The Vegas startup aims to use remote human driving to make car sharing more efficient—an issue that the pioneering car-share service Car2go couldn’t solve. You use Halo’s app to summon a Kia Niroelectric vehicle. It arrives empty but under the control of a remote driver. You drive it to your destination. Then a remote driver takes over again and the car is no longer your problem.

“You simply just hop off and go away, and the car disappears,” says Halo founder and CEO Anand Nandakumar. The company plans to launch with five cars later this year, operating at first “in urban parts of the Las Vegas Valley.”

Halo (no relation to the Halo concept car Cadillac unveiled at CES 2021, Amazon’s Halo health-tracking wristband, or Microsoft’s Halo series of games) opted to use 5G to keep a human in the loop instead of trying to make fully autonomous mobility work (a challenge even for slow delivery robots) and hoping the public will trust 40-mph software.

In Halo’s system, nine cameras feed video to a remote driver—whom Halo calls a pilot—with radar and ultrasonic sensors as a backup.
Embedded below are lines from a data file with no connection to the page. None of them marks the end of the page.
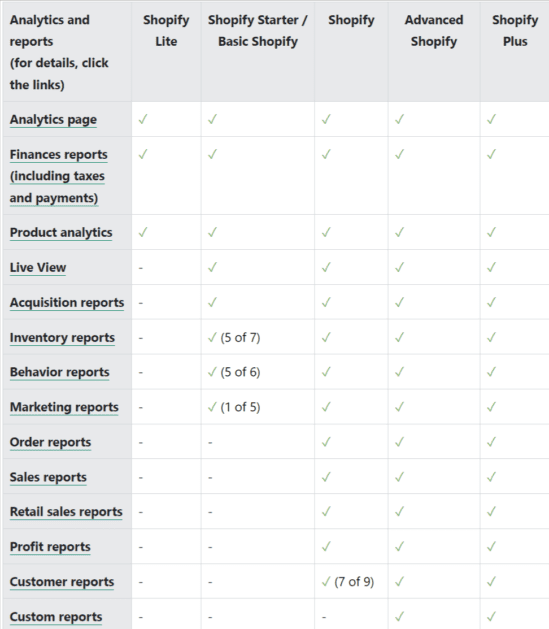 Shopify Plus Analytics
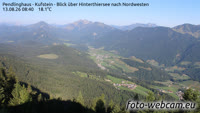 Langkampfen - Pendling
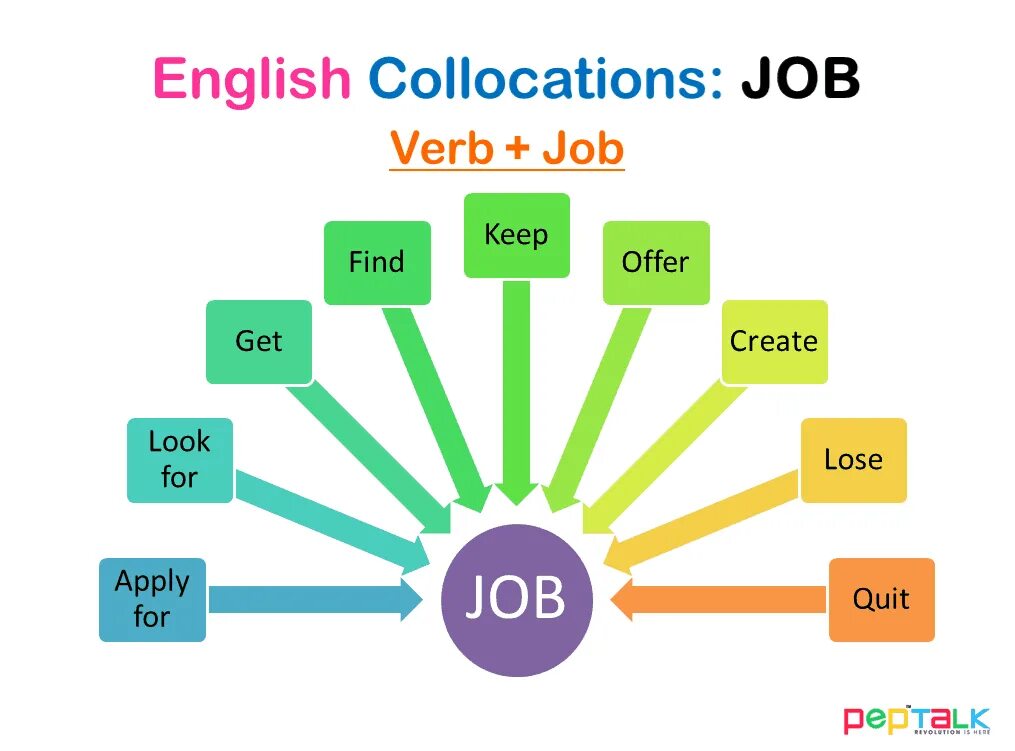 Get related. English collocations. Colocation в английском. Verb collocations. Коллокации в английском.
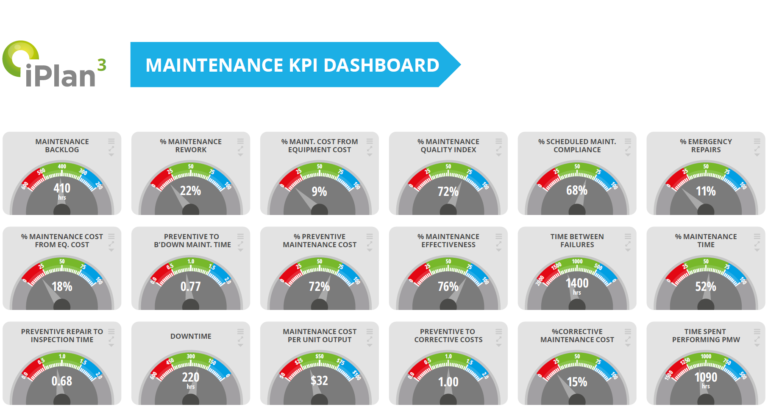 Maintenance Kpi Dashboard Excel Db Excel Com Bank2home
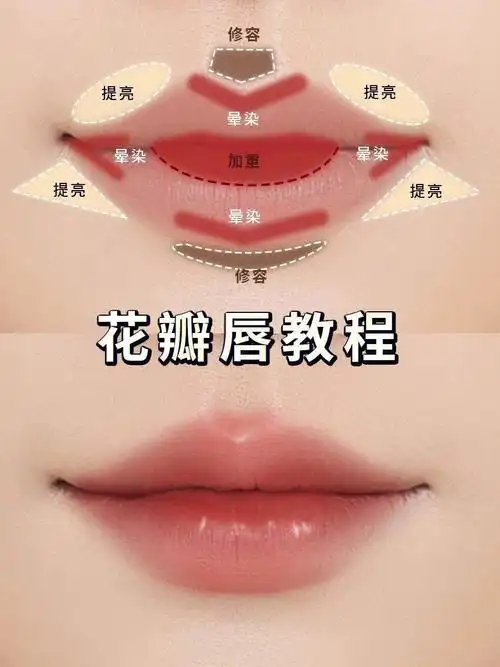 📒假日美妆课堂|饱满花瓣唇💕 简单几步改善"薄唇凸嘴中庭长"!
The cars omit the expensive lidar sensors in most autonomous vehicles.

“You have better vision as a remote pilot than actually sitting inside the car,” Nandakumar says. “It’s significantly cheaper than any other autonomous vehicle company.”

The startup joined the 5G Open Innovation Lab T-Mobile helped found last year, allowing the wireless carrier to offer technical advice. The two companies aren’t saying if T-Mobile invested in Halo.

John Saw, T-Mobile’s executive vice president of advanced and emerging technologies, says that the company’s 5G brings significantly lower latency, especially on the faster mid-band spectrum that constitutes the heart of T-Mobile’s 5G sales pitch and dominates its coverage around Vegas.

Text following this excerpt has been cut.